Her fascination with appropriation and biological material is extended to another room of the show, containing a long table of neatly arranged pages from a 1995 Christie’s catalogue, Jewels from the Personal Collection of Princess Salimah Aga Khan. Henrot illustrates the descriptions on each page with dried bookmark-like flowers and leaves stolen from residences on the Upper East Side. The magnificent gems and luxury uptown urban herbarium are both deliberate demonstrations of excess, but also, to their owners, decidedly necessary measures that define their social status. The catalogue pages only note estimated prices, rendering the values of the jewelry — and whatever they signify — speculative until juried by the auction attendees. This small sense of instability is perhaps furthered by spare, conspicuous slices of opaque tape affixing immobile and dried leaves to the pages, as if to restrain their plot to escape.

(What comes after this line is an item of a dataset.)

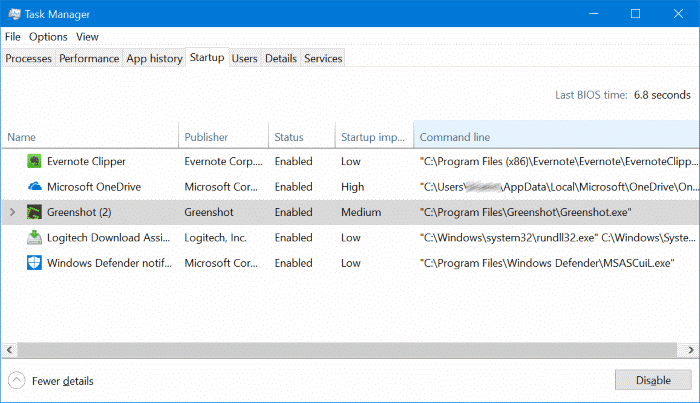 open the location of startup programs in windows 10 pic4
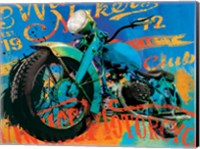 Vintage Bikes Fine Art Print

Installation view, “Camille Henrot: The Restless Earth,” New Museum, 2014. Courtesy of the New Museum, New York. Photo by Benoit Pailley.
Installation view, “Camille Henrot: The Restless Earth,” New Museum, 2014. Courtesy of the New Museum, New York. Photo by Benoit Pailley.

Then there are Henrot’s videos. The exhibition features several earlier videos that study the role of various symbols, practices and material objects across different cultures: Coupé/Décalé (2011) documents the origin of bungee jumping; Le Songe de Poliphile (2011), of the semiotics of the snake; and Million Dollars Point (2011), on World War II materials abandoned in Polynesia and the “cargo cults” that subsequently formed. Grosse Fatigue is the most conceptually ambitious (and probably low-budget) of them all, a series of desktop windows appearing on a computer screen, propelled by a groovy rap song that stitches together various origin myths, scientific presentations and annals of anthropology with the coherence of a surging music video. The deluge of imagery in today’s Internet age is a popular topic for artists, but few successfully conjure much beyond some purposefully collaged frenzy. Henrot’s selection of images (animals of from various phyla, different cultural practices, shots of mundane activity such as a manicured hand rubbing an orange) is not unpredictable, but they provide more than a simple sensation of distress and visual saturation. She consciously demonstrates the gaps and limits that still (and might forever) exist in our already overwhelming knowledge of history, a vault of information that could be more reasonably experienced through the momentum and innate disorder that weaves it all together.

Grosse Fatigue was made at Henrot’s 2013 Artist Research Fellowship at the Smithsonian, during which she collected footage of animal and plant specimens, obscure digital archives, blank hallways and anonymous office workers. She paired that imagery with the unending reach of the digital realm, which, in many ways, is an archive and simulation of the immense universe beyond the monitor, but also feels oddly tangible as it is fully manmade and portable (one shot features an iPhone with a green croaking frog parked on top, held by a hand). This strategy allows her narrative to swell with felt urgency and inscrutable complexity, and also the leisurely nimbleness of aimless web surfing. Queues of browser windows at times pile up like flashing torrents of spam advertisements, but they can be readily clicked shut like full drawers of ghastly, vibrantly preserved tropical bird specimen. In the beginning and end there were both uncluttered Mac desktops.